Todos los procedimientos de investigación con animales fueron aprobados y realizados de acuerdo con la Ley de Bienestar de los Animales de Laboratorio, la Guía para el Cuidado y Uso de Animales de Laboratorio y las Directrices y Políticas para Experimentos con Animales proporcionadas por el Comité Institucional de Cuidado y Uso de Animales (IACUC) de la Facultad de Medicina de la Universidad Católica de Corea (número de aprobación: CUMC-2021-0176-05). En el presente estudio se utilizaron conejos blancos machos de Nueva Zelanda (NZW) de 3 meses de edad con un peso de 3,5-4,0 kg, que se mantuvieron en condiciones estándar en jaulas individuales. Los conejos fueron alimentados con una dieta normal o una dieta enriquecida con colesterol al 0,5% suplementada con 50.000 U de vitamina D2 (ver Tabla de Materiales). El diseño experimental y los métodos de análisis para la inducción del modelo de conejo AVS se muestran en la Figura 1.

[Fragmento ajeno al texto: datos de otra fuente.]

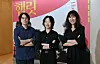 From left: Playwright Jeong Jin-sae, actor Lee Bong-ryeon and director Bu Sae-rom pose during a press conference for the National Theater Company of Korea's latest adaptation of ″Hamlet″ at Myeongdong Theater in central Seoul on Monday. [NATIONAL THEATER COMPANY OF KOREA]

1. Preparación para la operación

  1. Asegúrese de que todos los instrumentos médicos y quirúrgicos (ver Tabla de Materiales) estén esterilizados al comienzo de la operación.
  2. Prepare el juego de catéteres con balón de dilatación siguiendo los pasos que se indican a continuación.
    1. Conecte el dispositivo de desinflado lleno de una mezcla de solución salina y medio de contraste disponible en el mercado (1:1) a la parte Luer Lock del catéter con balón (consulte la Tabla de materiales).
    2. Llene el balón con solución de inflado y retire el aire del catéter del balón.
      NOTA: Para el presente estudio, la solución de inflado consistió en yodixanol al 30% con solución salina al 0,9% (ver Tabla de Materiales).
    3. Verifique el inflado adecuado del globo purgando el lumen del globo con la solución de inflado.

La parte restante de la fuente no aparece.